Daily Kos doubts whether this string of errors by the “nutwork” is just a coincidence. Talking Points Memo is a bit more forgiving, with Josh Marshall admitting he’s made that sort of mistake from time to time. Yet he still wonders how Fox manages to mangle it in one ideological direction.

Similar objections come when a story omits party affiliation — especially when the news is unflattering to the person and, therefore, to the person’s political party. The suspicious reader sees that omission as evidence of a coverup. (Here’s an example.) This problem is bipartisan, as seen here in the brief about Coy Privette, a former lawmaker in North Carolina. Editors have tried to make that point, but readers remain skeptical.

As Marshall mentioned at TPM, everyone makes mistakes or fails to include a detail that we take for granted. Here’s what copy editors can do:

  • Doublecheck party affiliations in every story they edit.
  • Ensure that party affiliations are included in stories about politicians accused of some sort of malfeasance.
  • If one politician in a story is identified by party, make sure they all are. Be evenhanded.

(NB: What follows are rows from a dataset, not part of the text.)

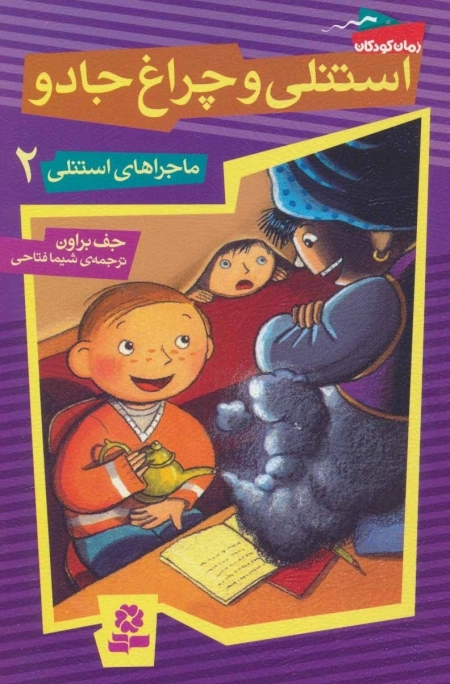 ماجراهای استنلی 2 - استنلی و چراغ جادو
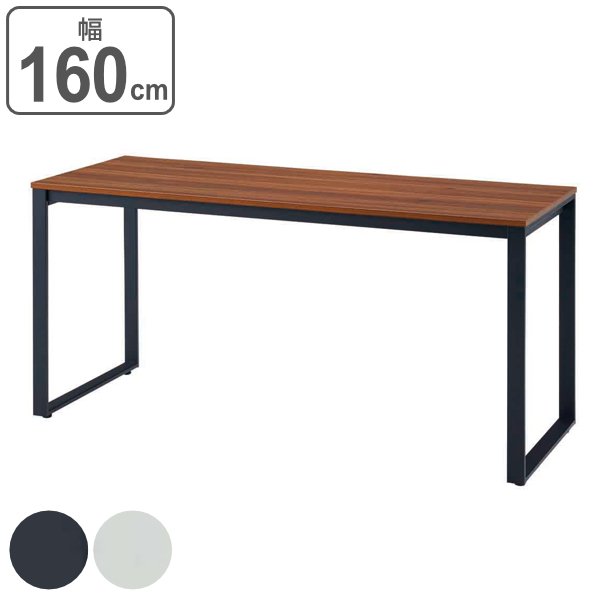 テーブル 幅160cm ブラウン 木目調 デスク オフィス 長方形 スチール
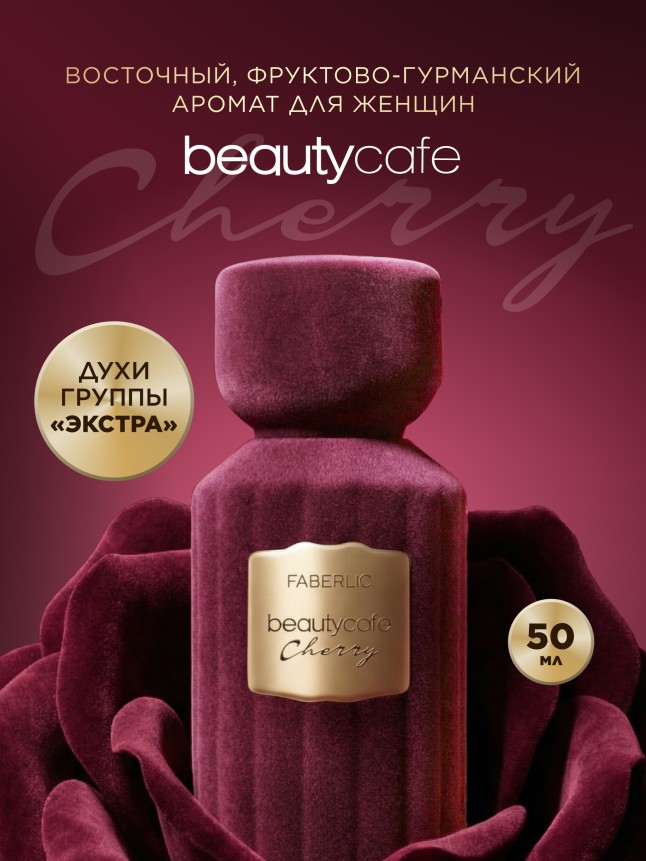 Купить Духи для женщин Beauty Cafe Cherry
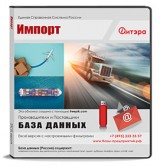 База данных Импорт, Россия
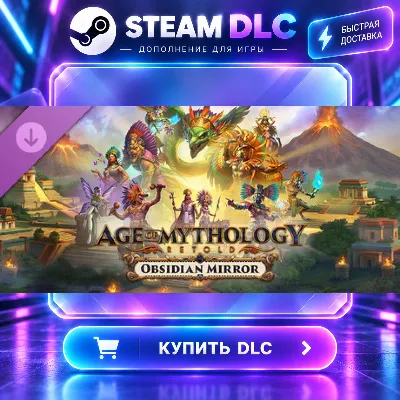 Age of Mythology: Retold - Obsidian Mirror · DLC ДЛЯ STEAM · GIFT · АВТОДОСТА - irongamers.ru
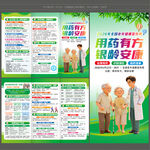 2026年老年健康宣传周三折页
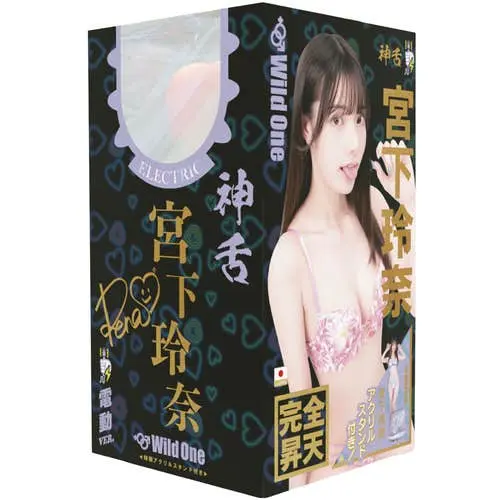 Wild One Japan - Reina Miyashita Blowjob by a Goddess Vibrating Onahole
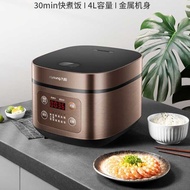 Joyoung Rice Cooker 3 Liters Mini Household Multifunctional Micro-Pressure Stewed Cooker Reservation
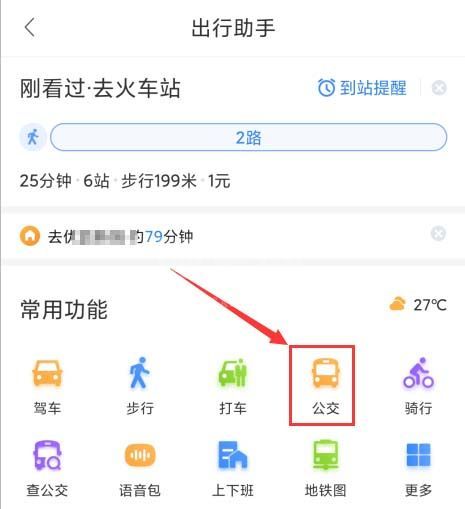 百度地图怎么设置公交到站提醒?百度地图设置公交到站提醒的步骤教程截图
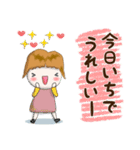 ちょっと大人女子(感謝編)（個別スタンプ：13）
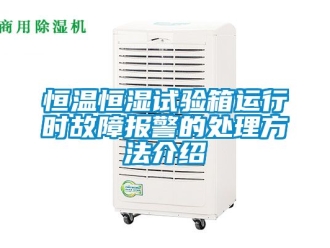 知识百科恒温恒湿试验箱运行时故障报警的处理方法介绍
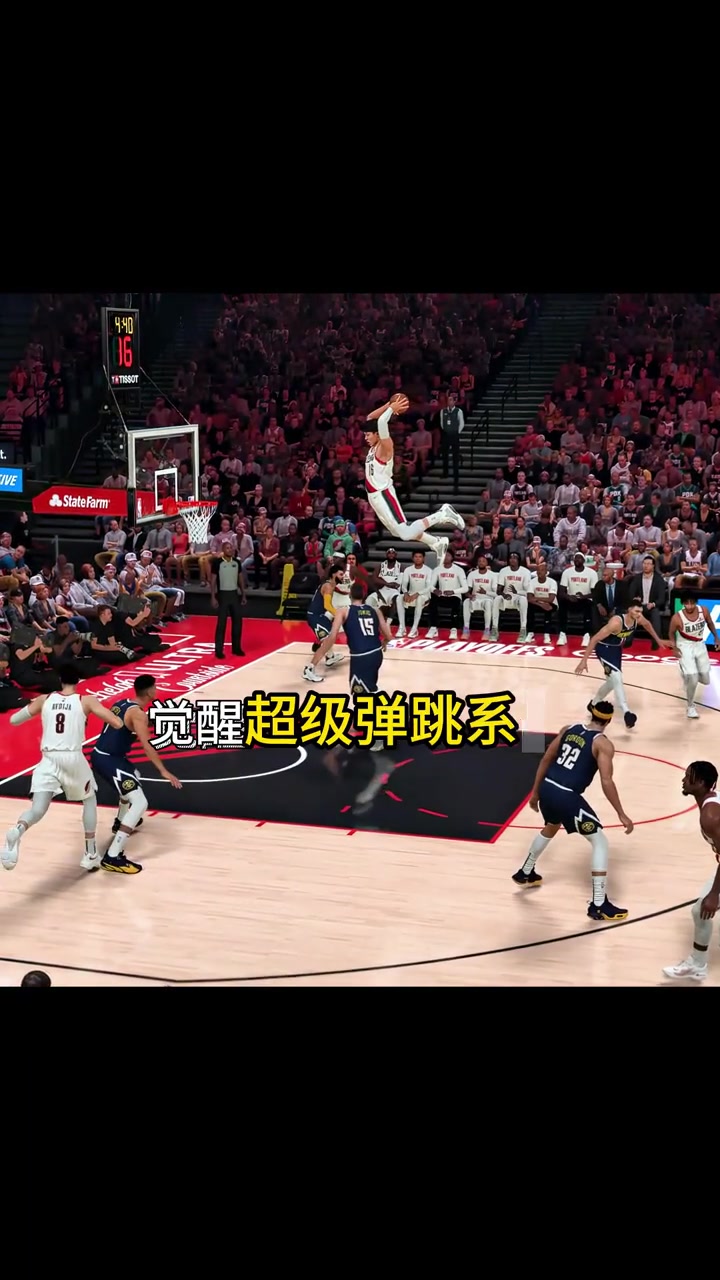 开云下载-杨瀚森没扣进很遗憾？网友制作2K杨瀚森暴扣视频 扣篮条拉满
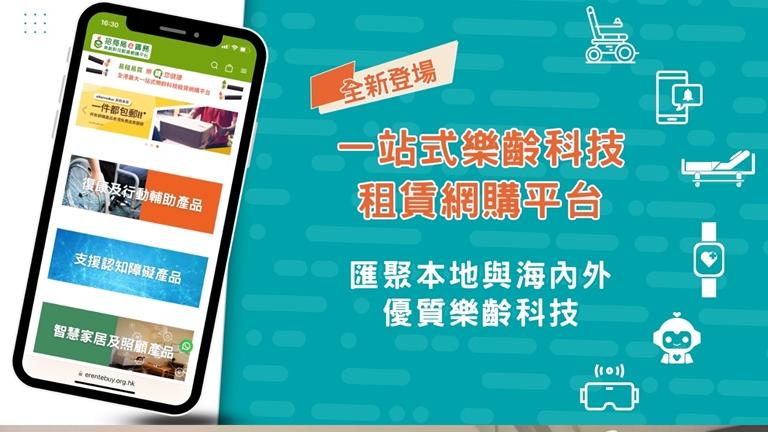 一站式樂齡科技租賃網購平台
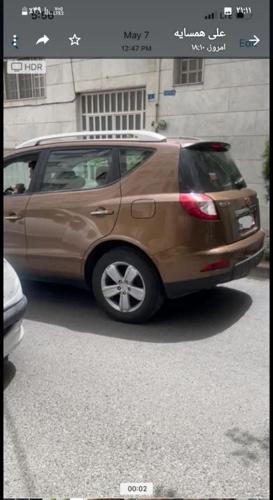 جیلی Emgrand X7، مدل ۲۰۱۴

It’s quick and easy to add “Democrat” or “Republican” to most stories. Those words don’t take up much space and rarely interrupt the flow of a sentence — except perhaps in the case of Sen. Joe Lieberman.

Interesting reads

  • Ted Vaden, public editor at The News & Observer, says enough already about John Edwards’ haircut. That seems like a reasonable conclusion, given that this story ran on the N&O Sunday front page nearly three months after the “story” broke. That news peg was getting wobbly.
  • A college newspaper adviser gets her job back in a legal battle. Bad editing was among the reasons listed for her dismissal; she alleged retaliation for the paper’s news stories and editorials critical of the administration.
  • A writer at Salon rises in defense of editors — now more than ever. (Registration may be required, but this one is worth the hassle.)
  • The managing editor of the paper in Lafayette, Ind., discusses the expanding duties of the copy desk. “Today’s copy editors are not only responsible for the editing and headline writing but are also charged with production duties,” she says. “They create and design the pages; import the stories, photos and graphics onto their computer page; and often have to troubleshoot computer problems on deadline.”